** Data extracts **

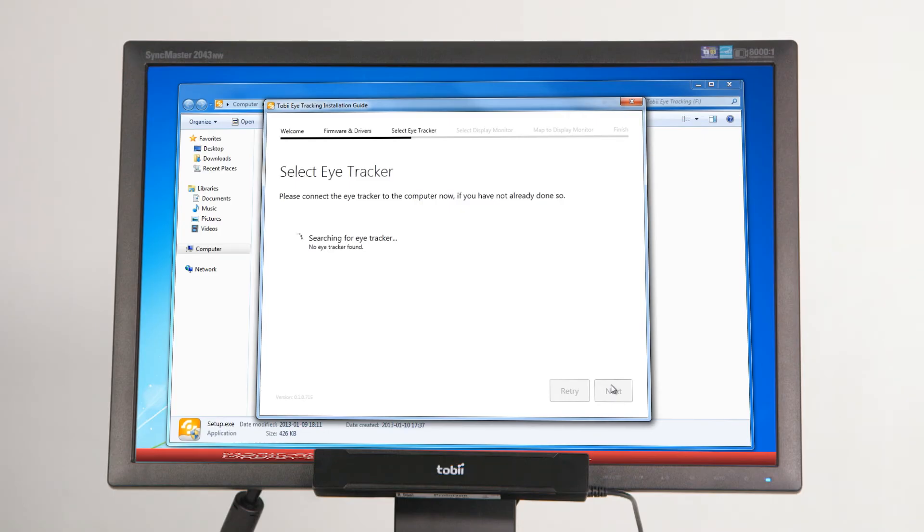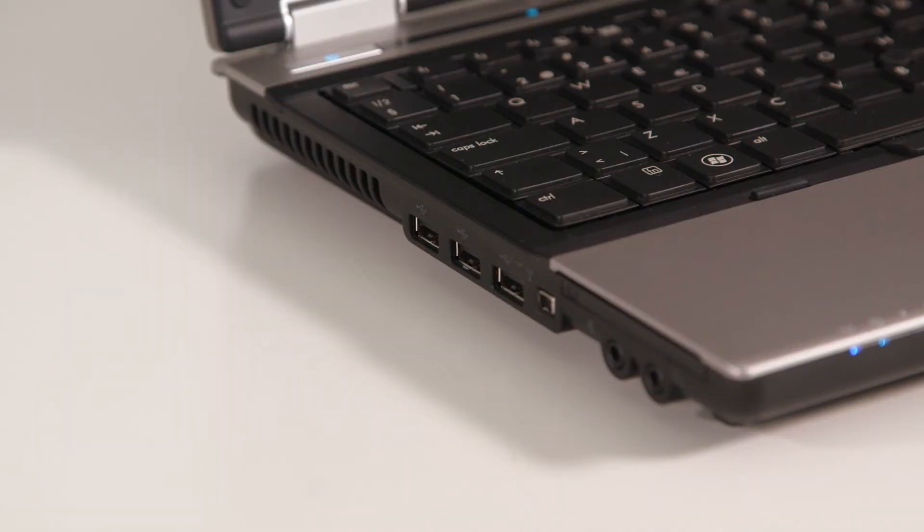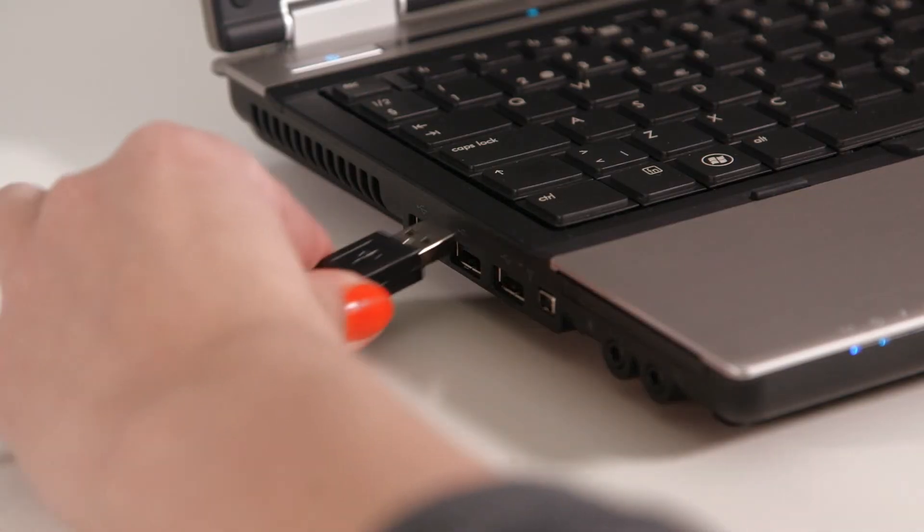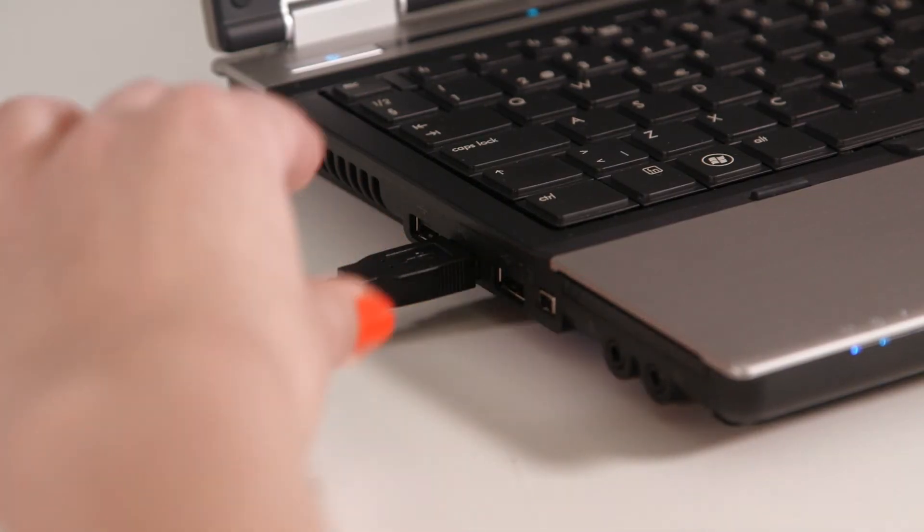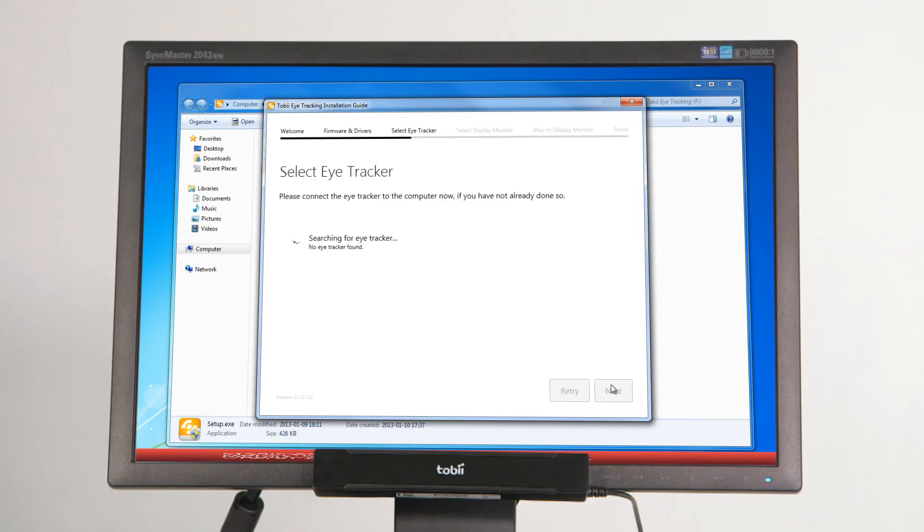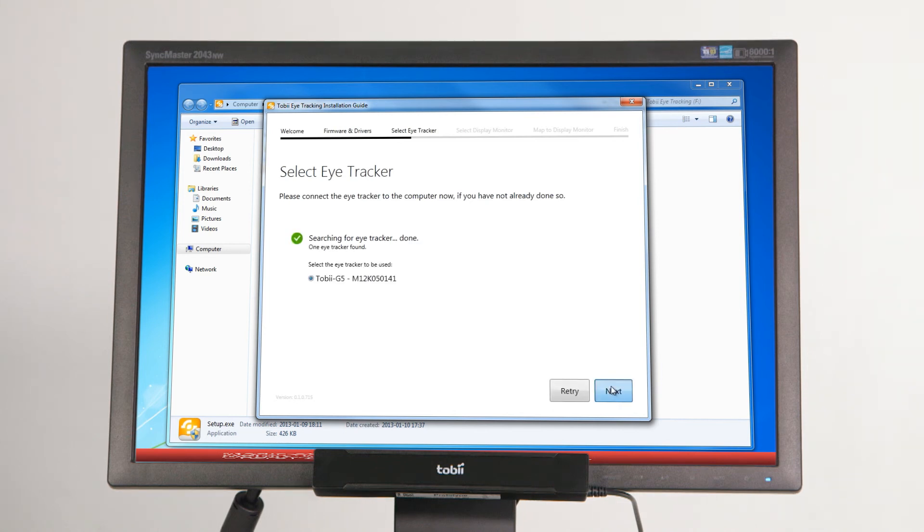If you have a Tobii X2 eye tracker without an external processing unit, connect the USB connector of the eye tracker to the computer. Once the eye tracker has been connected and detected by the system, you can proceed to the next step.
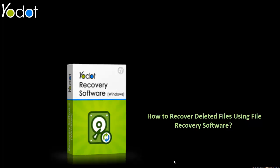Hello friends, welcome to YoDOT Video Tutorials. Today I'm going to show you how anyone can recover their deleted files on a Windows computer using YoDOT file recovery software.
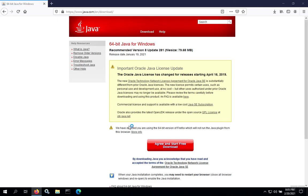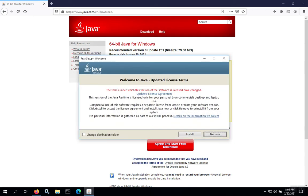We're going to click Yes on Run the Installer. And then we'll wait for the installer to start. Then we're going to click the Install button.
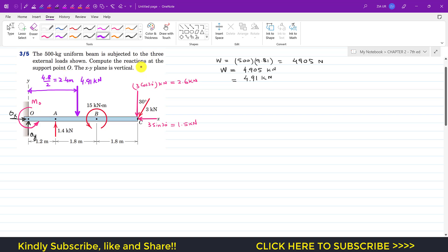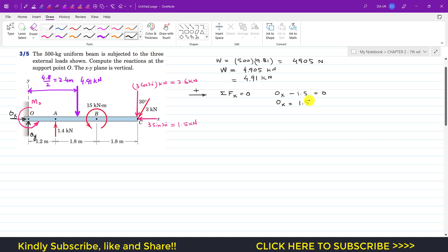To find Ox, we apply ΣFx = 0. Taking rightward as positive, Ox acts in the positive x-direction and the 1.5 kN sine component acts in the negative x-direction. So Ox − 1.5 = 0, giving Ox = 1.5 kN, or 1500 N.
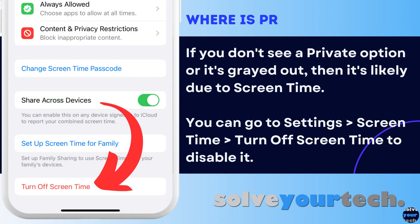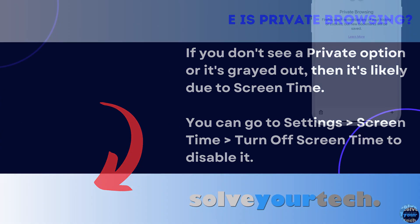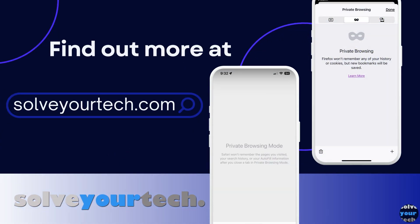If you can't start a Private Browsing session on your iPhone, then it's likely due to the Screen Time feature. You will need to go to Settings, Screen Time, and either turn it off completely, or disable the Content Restrictions option inside of that menu. Make sure to like this video and subscribe to our channel to see more tech guides like this one. For additional information on this topic and to read the entire article, click the link in the description to visit SolveYourTech.com.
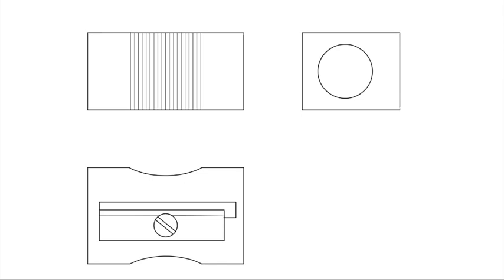And there we have our orthographic projection. We put our first angle projection symbol in place so readers understand what they're looking at. And there we have our orthographic drawing of our pencil sharpener.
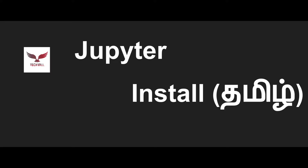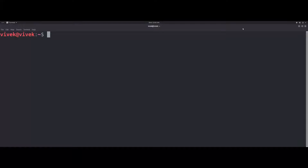Hi friends, we are going to use Jupyter. We will install Jupyter in this video. What does Jupyter do? We are handling a Python project and we are going to use Jupyter.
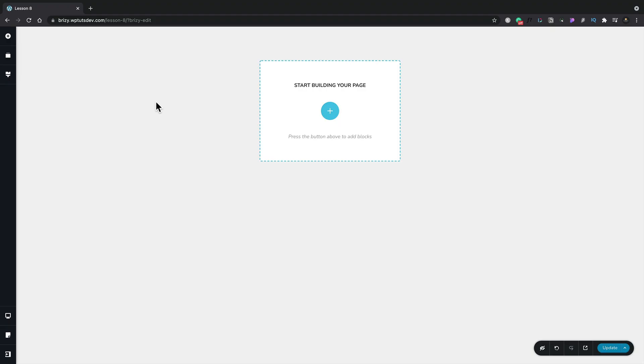In this lesson we're going to talk about containers and specifically how Brizzy is being very innovative in the way in which it approaches various different common elements. Let me give you an example.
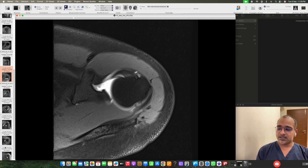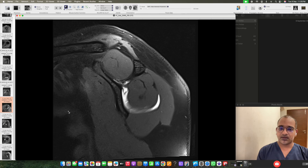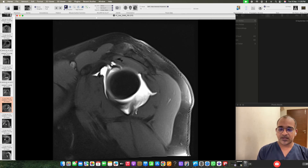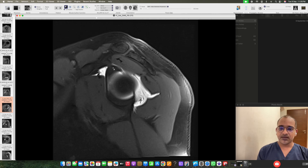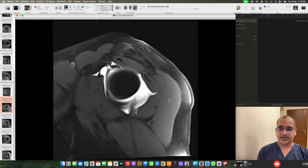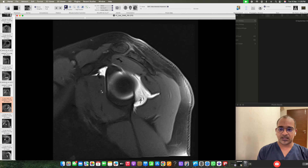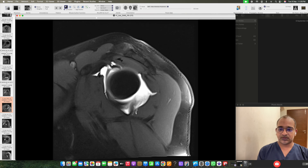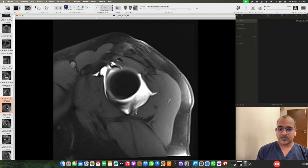On the sagittal arthrogram images, this is the coracohumeral ligament, this is the long head of biceps tendon. This is the superior glenohumeral ligament. Then we have the middle glenohumeral ligament and inferior glenohumeral ligament. The inferior glenohumeral ligament is divided into three parts — anterior, middle, and posterior. This part we are concerned about is the rotator interval.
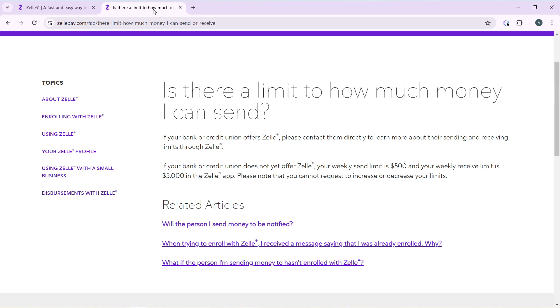So if your bank offers Zelle, contact them directly to learn more about your sending and receiving limits through Zelle. There's a way you can work around with that.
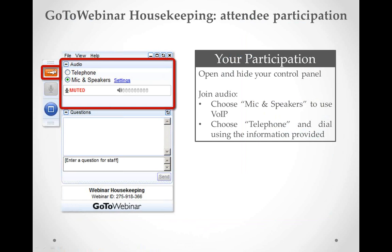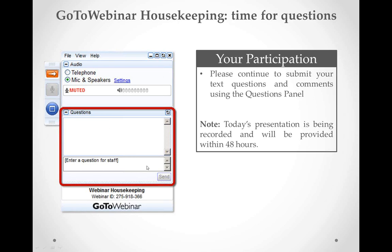You can open and close the GoToWebinar interface using the little orange arrow — it toggles back and forth. In that panel, you can choose to call in by telephone if you have audio trouble. It is not a toll-free number, so a cell phone is recommended. The mic and speakers option is what most of us will use. Underneath that, you'll see the questions box where you can enter questions for the presenter throughout the session.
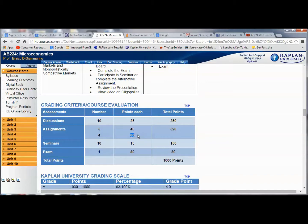The only difference with the week ten exam versus the assignments is that I will not be grading it — it is auto-graded because we don't have much time for massive grading in that last week before grades have to be submitted to the registrar's office. So that should be a simple matter.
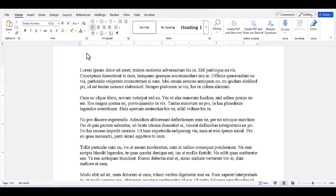We could start with any document open, even a blank, though we usually create a style to format text in an existing document like this one. We'll create a paragraph style, as they're more frequently used.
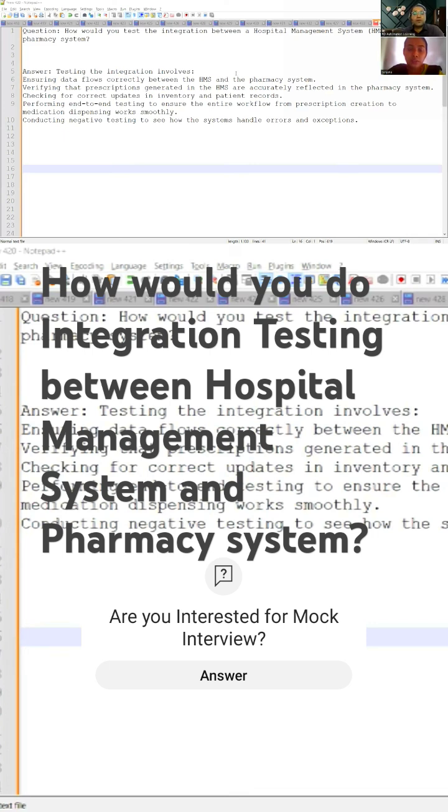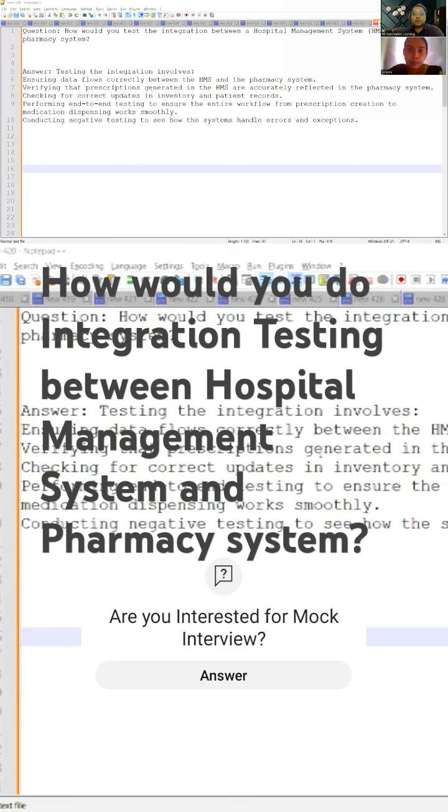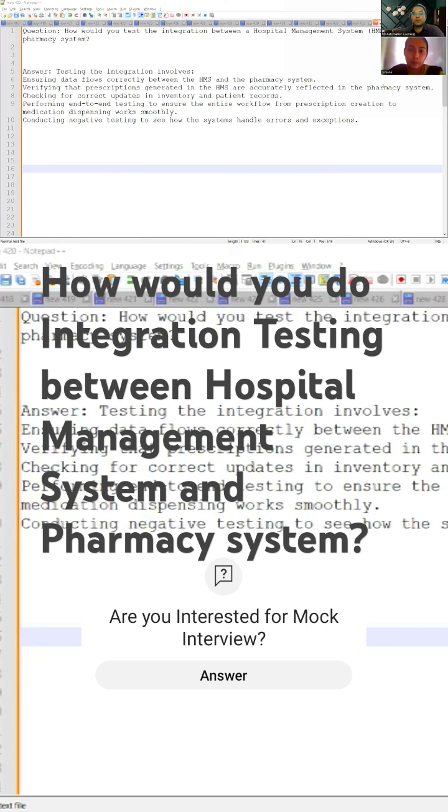Then you'll verify that the prescriptions generated in the HMS are accurately reflected in the pharmacy system. Consider there is a patient who is dealing with fever, and accordingly the medicines that have been prescribed by the doctor - those should be reflected in the pharmacy system. For example, two medicines and one liquid medicine, so three medicines total - those should be reflected in the pharmacy system.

** Your assignment **
Up to and including the line that contains "And there we have our orthographic projection.", print the records above exactly from their first line, without any pictures.

** Written response **
If you have a Tobii X2 eye tracker without an external processing unit, connect the USB connector of the eye tracker to the computer. Once the eye tracker has been connected and detected by the system, you can proceed to the next step.
Hello friends, welcome to YoDOT Video Tutorials. Today I'm going to show you how anyone can recover their deleted files on a Windows computer using YoDOT file recovery software.
We're going to click Yes on Run the Installer. And then we'll wait for the installer to start. Then we're going to click the Install button.
To find Ox, we apply ΣFx = 0. Taking rightward as positive, Ox acts in the positive x-direction and the 1.5 kN sine component acts in the negative x-direction. So Ox − 1.5 = 0, giving Ox = 1.5 kN, or 1500 N.
If you can't start a Private Browsing session on your iPhone, then it's likely due to the Screen Time feature. You will need to go to Settings, Screen Time, and either turn it off completely, or disable the Content Restrictions option inside of that menu. Make sure to like this video and subscribe to our channel to see more tech guides like this one. For additional information on this topic and to read the entire article, click the link in the description to visit SolveYourTech.com.
And there we have our orthographic projection. We put our first angle projection symbol in place so readers understand what they're looking at. And there we have our orthographic drawing of our pencil sharpener.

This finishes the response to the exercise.